Goal of the exercise: Somewhere below are a line with "Vintage flat queen" and a later line with "Sag Harbor Pant Suit set". Output exactly those lines and all lines between them.

Scraped caption text data:
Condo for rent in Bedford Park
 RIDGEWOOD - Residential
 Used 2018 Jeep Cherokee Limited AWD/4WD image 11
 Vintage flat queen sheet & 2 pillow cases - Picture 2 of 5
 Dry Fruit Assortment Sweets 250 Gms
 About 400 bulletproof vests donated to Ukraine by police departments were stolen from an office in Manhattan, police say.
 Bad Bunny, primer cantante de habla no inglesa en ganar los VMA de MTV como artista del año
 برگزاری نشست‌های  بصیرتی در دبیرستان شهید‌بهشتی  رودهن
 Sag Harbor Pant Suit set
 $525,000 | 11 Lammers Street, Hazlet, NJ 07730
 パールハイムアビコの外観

Result below:
 Vintage flat queen sheet & 2 pillow cases - Picture 2 of 5
 Dry Fruit Assortment Sweets 250 Gms
 About 400 bulletproof vests donated to Ukraine by police departments were stolen from an office in Manhattan, police say.
 Bad Bunny, primer cantante de habla no inglesa en ganar los VMA de MTV como artista del año
 برگزاری نشست‌های  بصیرتی در دبیرستان شهید‌بهشتی  رودهن
 Sag Harbor Pant Suit set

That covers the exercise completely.